Rep. Louie Gohmert (R-Texas) said that after Thursday night's vote to pass a controversial $1 trillion spending bill, House Speaker John Boehner (R-Ohio) might need help from Democrats to be re-elected as Speaker when the new House of Representatives convenes in January.
"I think he ought to be able to pick up some Democratic votes for speaker this time," Gohmert said on Fox News. "He can have Denis McDonough or the president come over and get Democrats to get the votes to carry him across the finish line to speaker."
Gohmert spoke just moments after the House just barely passed a $1 trillion spending bill, thanks to help from 57 Democrats to voted for it, mostly offsetting the 67 Republicans who voted against it. White House Chief of Staff Denis McDonough met with Democrats Thursday evening as they discussed whether they could support the bill.
Gohmert and other Republicans indicated they felt jilted by Boehner, who they said worked with Democrats more than Republicans to pass the bill. These Republicans were pushing for language that would defund President Barack Obama's executive action on immigration, but GOP leaders saw no way to attach that language without having it blocked by Senate Democrats, which could have led to a government shutdown.

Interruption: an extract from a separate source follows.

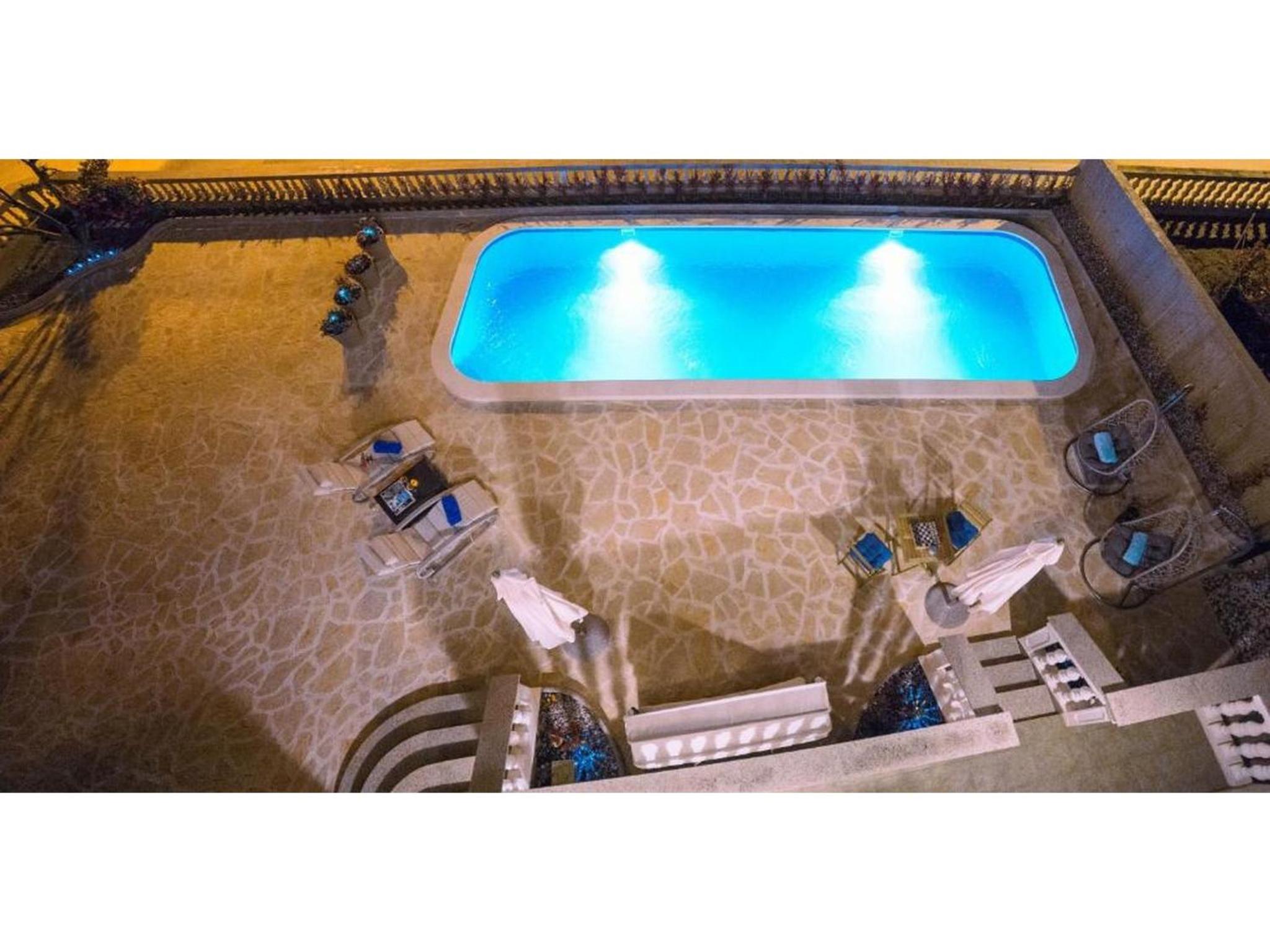 Nikol en Vodice — recepcion & lobby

Near the end of the night, Gohmert and others said they could support a two-month spending bill in return for a vote on immigration that the Senate would be able to strike down. But Gohmert said Boehner never reached out to Republicans, and instead focused on Democrats.

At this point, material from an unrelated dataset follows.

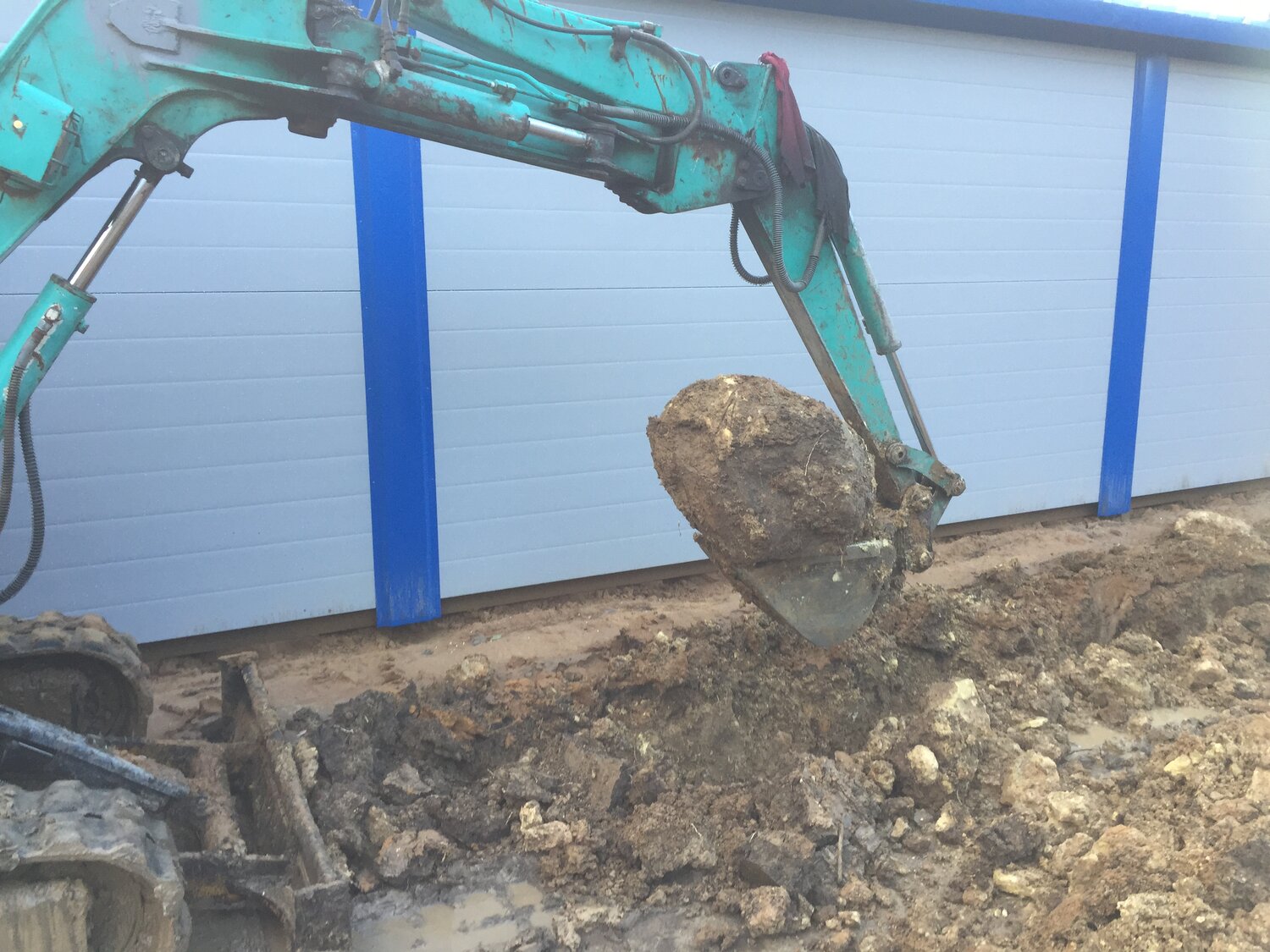 мини экскаватор kobelco sk025, мини экскаватор яма, мини экскаватор кобелко sk 025, мини экскаватор ihi 40gx, мини экскаватор кобелко ss1 гидробур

"Not one word, as you know. The calls went to the White House. When at a time the Speaker needed votes, he turned to somebody that he really identifies with — the president and liberal Democrats."
Gohmert's specific comments were tongue in cheek — it's unlikely any Democrat will vote for Boehner for Speaker, and it's unlikely Boehner is counting on any Democratic votes.

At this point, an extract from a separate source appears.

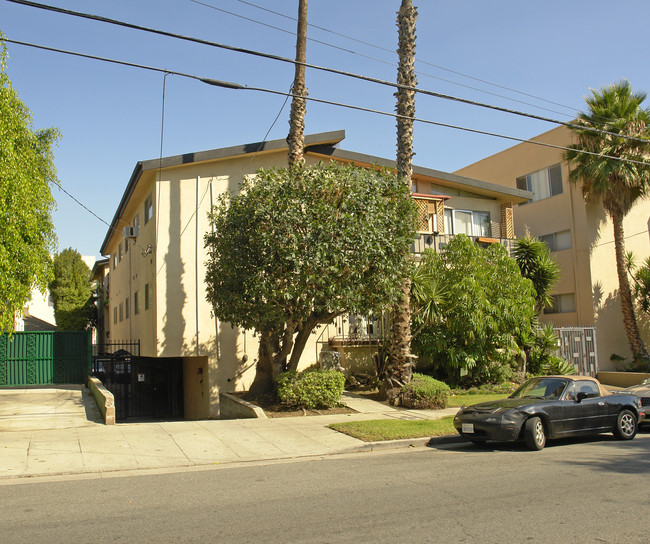1338 N Gardner St in Los Angeles, CA - Foto de edificio - Building Photo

But the Thursday vote on the huge spending bill upset dozens of Republicans, and therefore once again raises the question of whether there is enough support for Boehner to become Speaker.
House members will convene in early January to elect a Speaker, and Boehner is still expected to win. But there is a precedent for some Republicans to vote against him.
In early 2013, for example, 14 Republicans either voted for someone else or voted "present." That still let Boehner win with 220 votes to Minority Leader Nancy Pelosi's 192 votes.
Because there will be more Republicans in 2015, Boehner would lose even more votes — perhaps as many as 25 — and still get re-elected as Speaker.